** Supplied data follows **
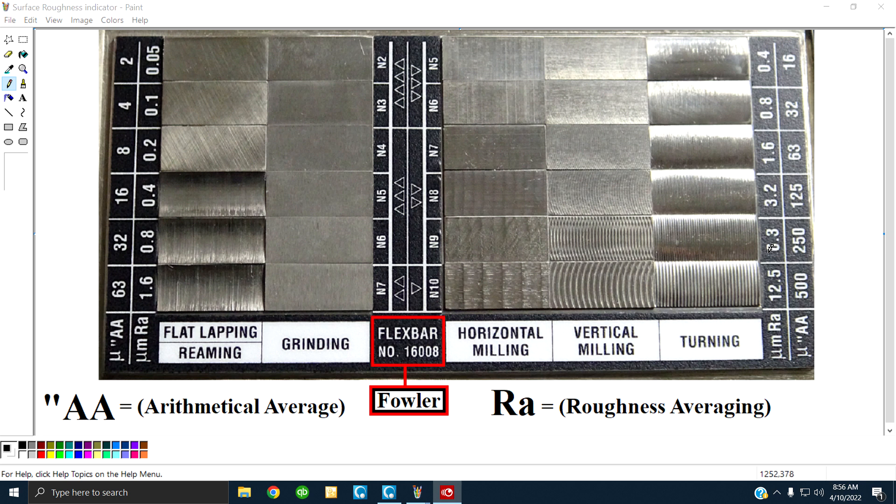The little chart under it, to the right — I may tell a customer, or a customer may pick 6.3 or 250. They both mean the same thing. 6.3 — you go down a column — which means roughness averaging, RA. 250 is arithmetical average, AA. Look at the bottom of your screen to the left: AA is arithmetical average, RA is roughness averaging. One is metric, one is not.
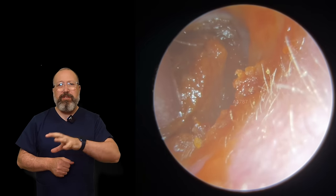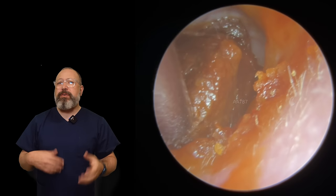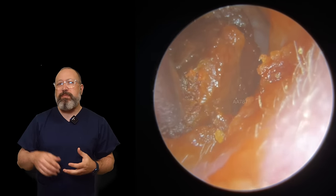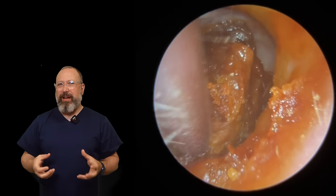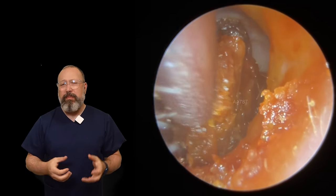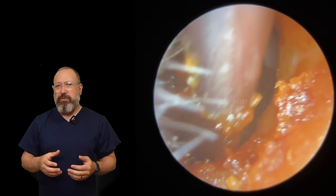Right at the entrance to this canal we've got a very soft, mushy type of wax around the outside edge. Usually this is because the patient has used some softening drops, but in this case there is a lot of wet, mushier wax that's gone all the way down to the eardrum, so not the easiest of removals to do.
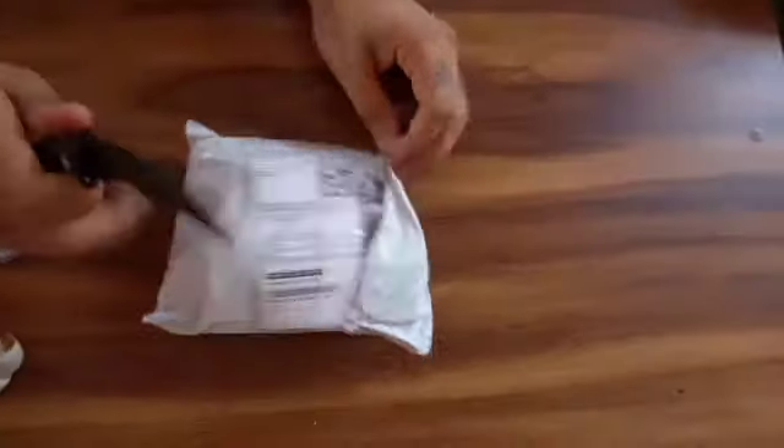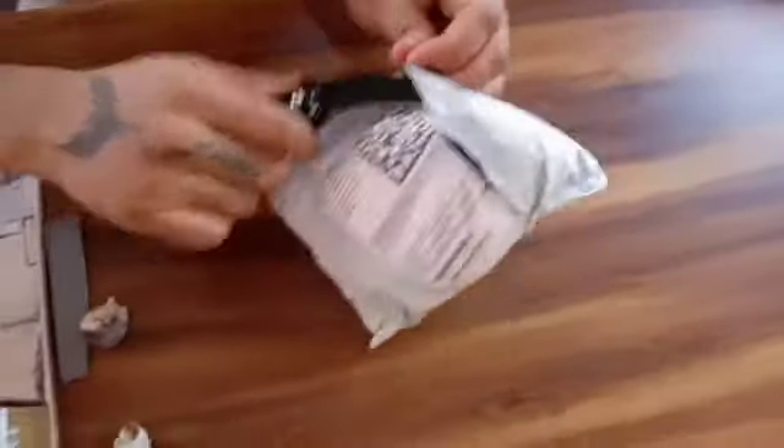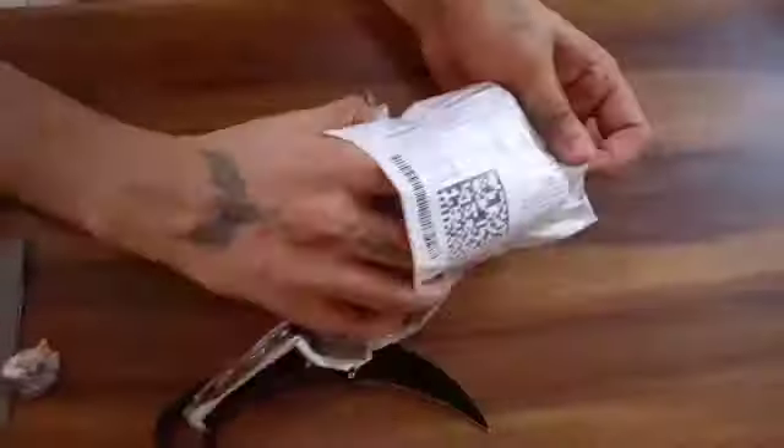Hello everyone, this is Sam Blues Items here again and today I'm going to unbox one of my favorite things, which is my boxing reflex ball.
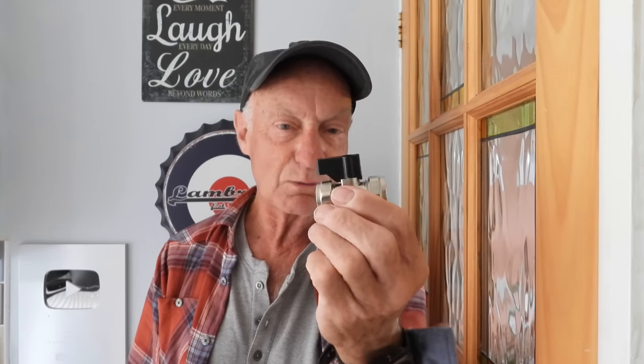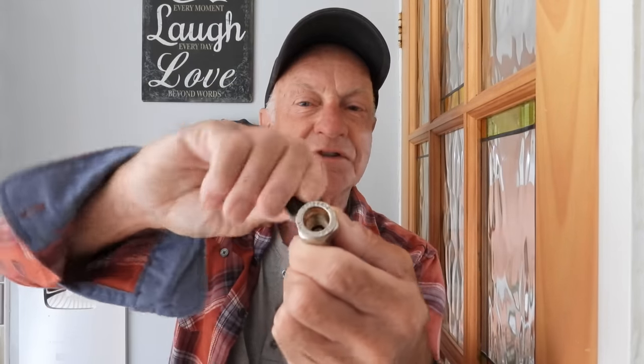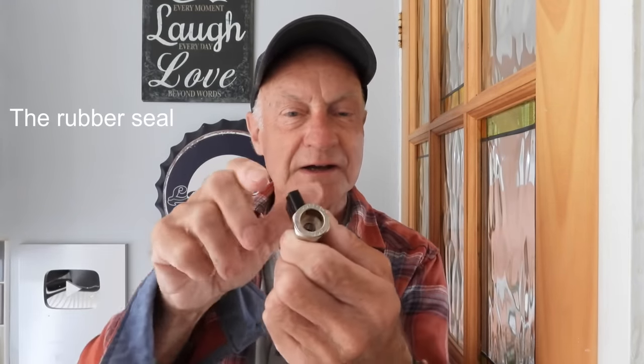Another thing I'd recommend is to get one with a little handle on it like this, so at least you can turn it every so often and keep it free. Because a lot of the time what goes wrong with these is not just a rubber washer wearing out inside causing leaks, but also the fact that they're not used — so when you finally go to use it, the little seal breaks and it starts to leak, say four or five years down the line after it's been fitted.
** End of Supplied data **
◆ Task requirements
Once the pictures are removed, repeat all of the data above exactly.

◆ Answer space
The little chart under it, to the right — I may tell a customer, or a customer may pick 6.3 or 250. They both mean the same thing. 6.3 — you go down a column — which means roughness averaging, RA. 250 is arithmetical average, AA. Look at the bottom of your screen to the left: AA is arithmetical average, RA is roughness averaging. One is metric, one is not.
Right at the entrance to this canal we've got a very soft, mushy type of wax around the outside edge. Usually this is because the patient has used some softening drops, but in this case there is a lot of wet, mushier wax that's gone all the way down to the eardrum, so not the easiest of removals to do.
Hello everyone, this is Sam Blues Items here again and today I'm going to unbox one of my favorite things, which is my boxing reflex ball.
Another thing I'd recommend is to get one with a little handle on it like this, so at least you can turn it every so often and keep it free. Because a lot of the time what goes wrong with these is not just a rubber washer wearing out inside causing leaks, but also the fact that they're not used — so when you finally go to use it, the little seal breaks and it starts to leak, say four or five years down the line after it's been fitted.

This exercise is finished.